A similar study (12) of Israeli soldiers with traumatic amputations after the Yom Kippur War provided similar observations. Most of the wounded men spoke of their initial injury as painless and used neutral terms such as “bang,” “thump,” or “blow” to describe their first sensation. They often volunteered their surprise that the injury did not hurt.

Melzack, Wall, and Ty (13) examined the features of acute pain in patients at an emergency clinic. Patients who had severe, life-threatening injuries or who were agitated, drunk, or “in shock” were excluded from the study. Of 138 patients who were alert, rational, and coherent, 51 (37%) stated that they did not feel pain at the time of injury. The majority of these patients reported onset of pain within an hour of injury, although the delays were as long as 9 hours or more in some patients. The predominant emotions of the patients were embarrassment at appearing careless or worry about loss of wages.

The occurrence of delays in pain onset was related to the nature of the injury. Of 46 patients whose injuries were limited to skin (lacerations, cuts, abrasions, burns), 53% had a pain-free period. Of 86 patients with deep-tissue injuries (fractures, sprains, bruises, amputation of a finger, stabs, and crushes), 28% had a pain-free period. The results indicate that the relation between injury and pain is highly variable and complex.


Attention Diversion and Distraction

If a person’s attention is focused on a potentially painful experience, he will tend to perceive pain more intensely than he would normally. Hall and Stride (14) found that the simple appearance of the word “pain” in a set of instructions made anxious subjects more likely to report a given level of electric shock as painful; the same level of shock was rarely reported to be painful when the word was absent from the instructions.

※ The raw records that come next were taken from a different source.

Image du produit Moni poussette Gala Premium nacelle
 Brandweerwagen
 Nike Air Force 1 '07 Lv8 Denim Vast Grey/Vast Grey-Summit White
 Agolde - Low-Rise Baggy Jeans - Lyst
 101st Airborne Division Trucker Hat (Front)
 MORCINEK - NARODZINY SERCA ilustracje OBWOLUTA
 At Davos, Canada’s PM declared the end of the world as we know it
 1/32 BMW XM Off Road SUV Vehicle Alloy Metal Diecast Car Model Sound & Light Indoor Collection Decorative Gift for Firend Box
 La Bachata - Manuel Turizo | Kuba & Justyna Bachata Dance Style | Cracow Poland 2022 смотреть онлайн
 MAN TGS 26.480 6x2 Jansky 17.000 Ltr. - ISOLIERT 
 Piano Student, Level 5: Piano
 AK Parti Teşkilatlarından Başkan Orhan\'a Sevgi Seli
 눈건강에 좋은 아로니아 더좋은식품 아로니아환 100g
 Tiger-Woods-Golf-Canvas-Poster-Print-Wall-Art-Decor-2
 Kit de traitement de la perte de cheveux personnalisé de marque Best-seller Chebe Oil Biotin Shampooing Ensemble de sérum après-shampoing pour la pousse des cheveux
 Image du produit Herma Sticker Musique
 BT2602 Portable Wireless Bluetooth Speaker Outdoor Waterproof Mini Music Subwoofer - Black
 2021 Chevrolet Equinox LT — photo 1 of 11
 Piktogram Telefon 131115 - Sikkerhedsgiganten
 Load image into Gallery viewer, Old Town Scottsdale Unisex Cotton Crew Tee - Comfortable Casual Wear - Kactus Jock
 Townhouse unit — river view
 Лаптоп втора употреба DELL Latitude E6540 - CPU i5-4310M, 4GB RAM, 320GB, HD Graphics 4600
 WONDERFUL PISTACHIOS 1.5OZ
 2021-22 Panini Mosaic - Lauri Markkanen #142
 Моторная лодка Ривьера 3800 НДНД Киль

Thus, the mere anticipation of pain is sufficient to raise the level of anxiety and thereby the intensity of perceived pain. Similarly, Hill, Kornetsky and associates (15,16) have shown that if anxiety is dispelled (by reassuring the subject that he has control over the pain-producing stimulus), a given level of electric shock or burning heat is perceived as significantly less painful than the same stimulus under conditions of high anxiety.

In contrast to the effects of attention on pain, it is well known that distraction of attention away from pain can diminish or abolish it. Distraction of attention may partly explain why boxers, football players, and other athletes sometimes sustain severe injuries during the excitement of the sport without being aware that they have been hurt.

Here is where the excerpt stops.